Monday, April 29, 2013

ANG TATAY KONG NANAY (Lino Brocka, 1978)




For director Lino Brocka, cinema is the art of compromise. Each film of his own choosing was matched with two or three – often commercial – projects thrust upon him. Filmmaking is, after all, big business: immense money is involved and taking on what producers and financiers dictate is every director’s Faustian bargain. In Ang Tatay Kong Nanay, there seemed to be a happy meeting of minds: it’s a commercial project, a vehicle for the comedy king, Dolphy, and yet its thematic concerns were easily close to Brocka’s heart.
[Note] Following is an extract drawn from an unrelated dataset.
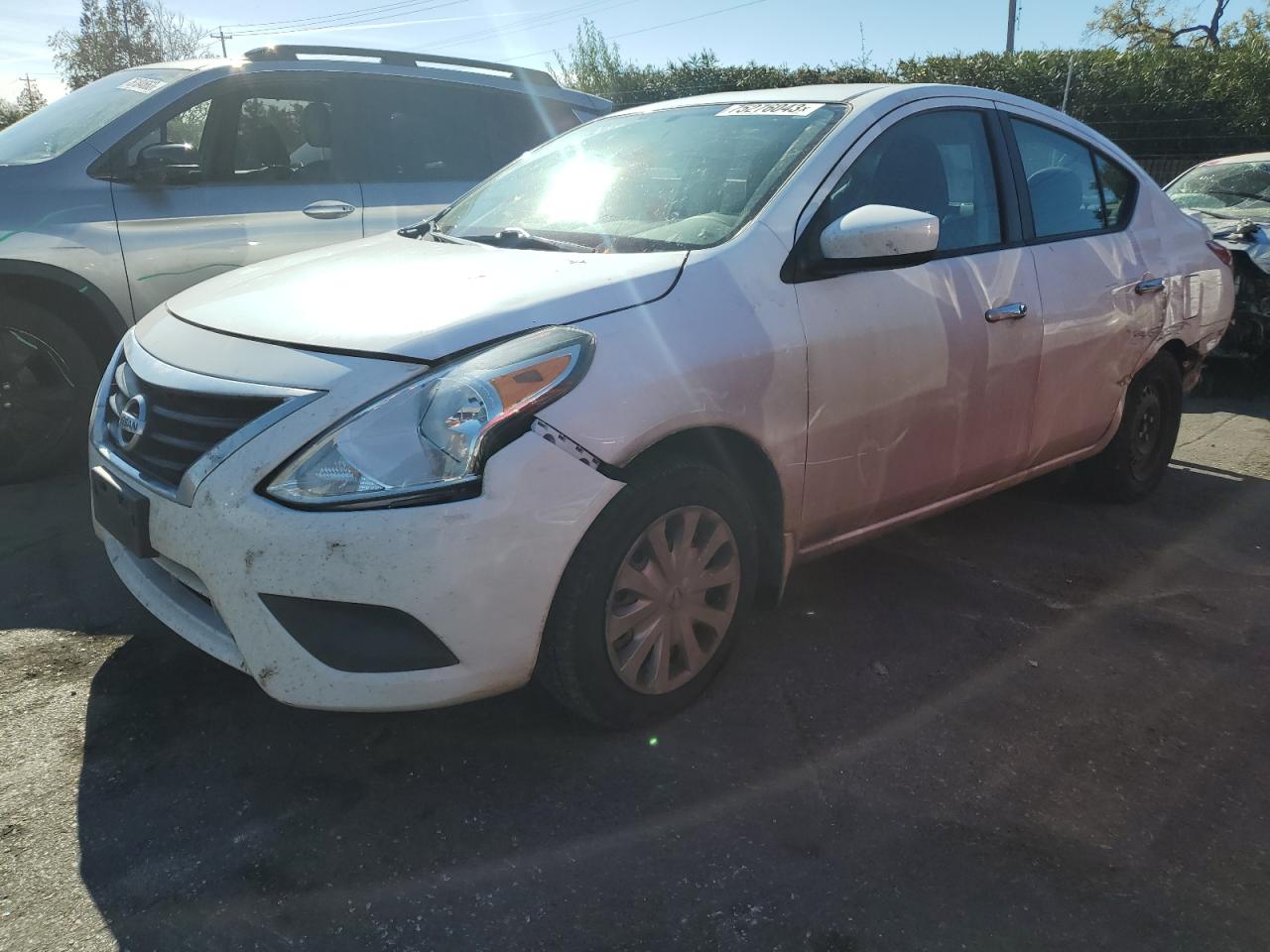 Nissan Versa 2015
Made in 1978, a hectic year for the director fielding film assignments left and right (Mananayaw, Gumising Ka, Maruja, Hayop sa Hayop, and Rubia Servios are the other voluminous works he churned out that year) Ang Tatay Kong Nanay still retains the hallmarks of a Brocka creation. The acting is first-rate and the story is as polished as it can be for a mass audience. But it’s easily the superb acting performances, particularly by Dolphy and Nino Muhlach, that carry this film and make it memorable.

Ang Tatay Kong Nanay, in not so many words, is Brocka’s valentine to the unsung fringe of society that he belongs to: the homosexual. Dolphy plays Dioscoro Derecho, a middle-aged gay hairdresser who, as the film opens, lives a simple independent life: a parlorista by day, and a cross-dressing gay by night. He lives for the occasional beauty contest for gays and the boisterous company of his like-minded friends. Complications arise when Dennis (Philip Salvador), a much younger man for whom Dioscoro carries a torch, turns up with his infant son.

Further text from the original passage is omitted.